» **Activity**
Without including any pictures, give back all of the data exactly.

» **Information shown**
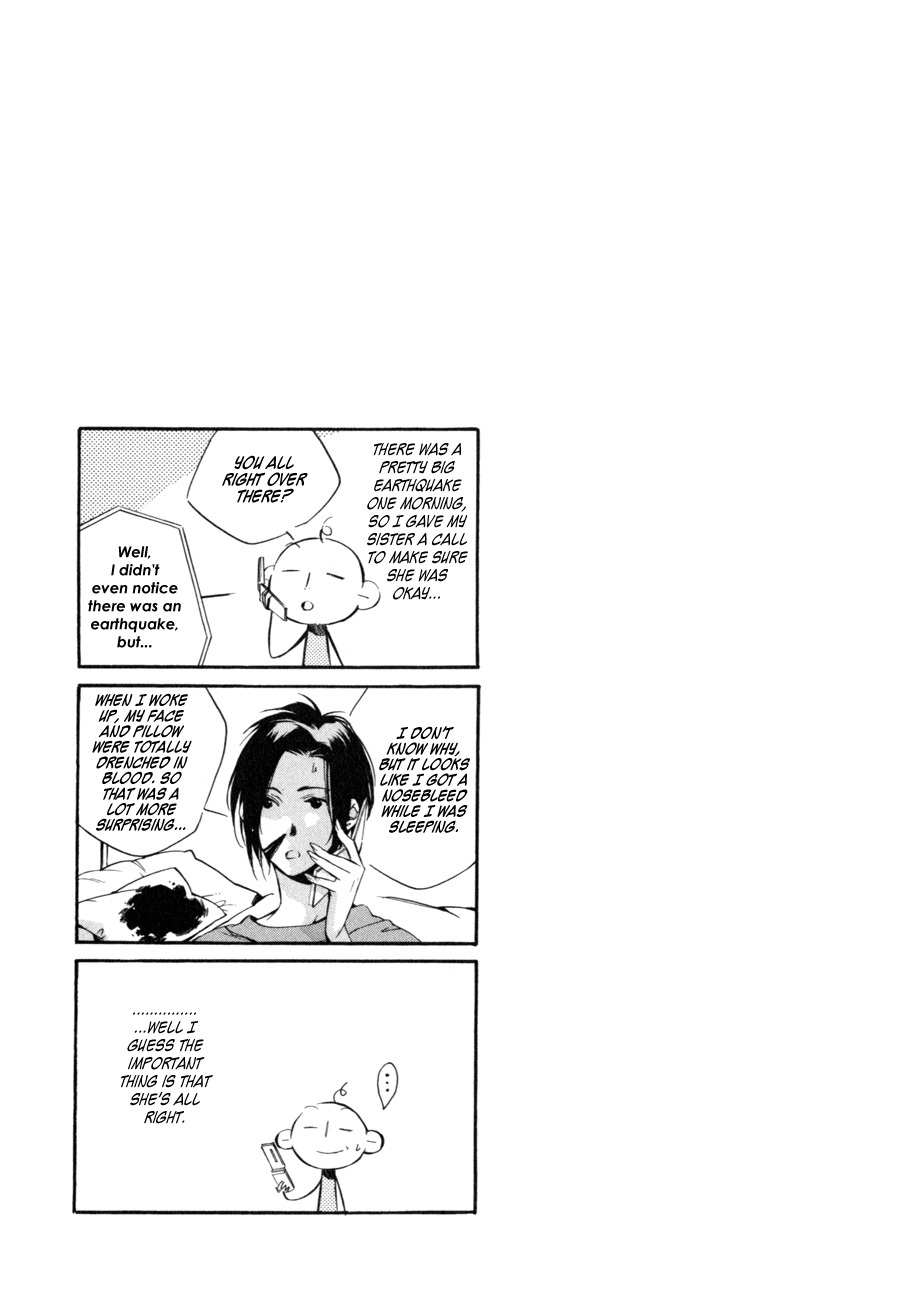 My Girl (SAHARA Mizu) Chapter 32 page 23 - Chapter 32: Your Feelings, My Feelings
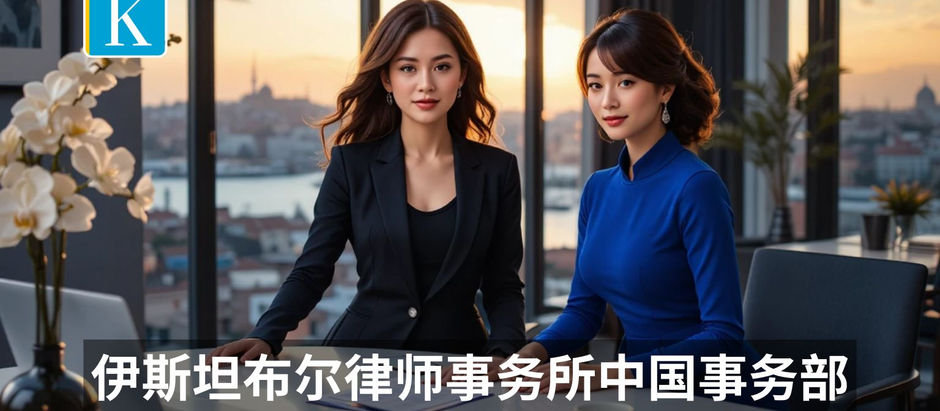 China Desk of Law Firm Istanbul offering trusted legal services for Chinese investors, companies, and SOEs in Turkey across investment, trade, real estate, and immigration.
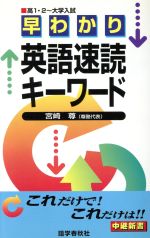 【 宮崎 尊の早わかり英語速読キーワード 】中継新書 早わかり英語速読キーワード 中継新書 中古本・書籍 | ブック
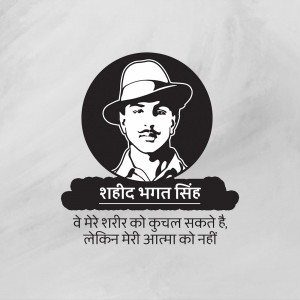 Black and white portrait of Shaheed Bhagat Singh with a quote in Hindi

» **Response box**
 My Girl (SAHARA Mizu) Chapter 32 page 23 - Chapter 32: Your Feelings, My Feelings
 China Desk of Law Firm Istanbul offering trusted legal services for Chinese investors, companies, and SOEs in Turkey across investment, trade, real estate, and immigration.
 【 宮崎 尊の早わかり英語速読キーワード 】中継新書 早わかり英語速読キーワード 中継新書 中古本・書籍 | ブック
 Black and white portrait of Shaheed Bhagat Singh with a quote in Hindi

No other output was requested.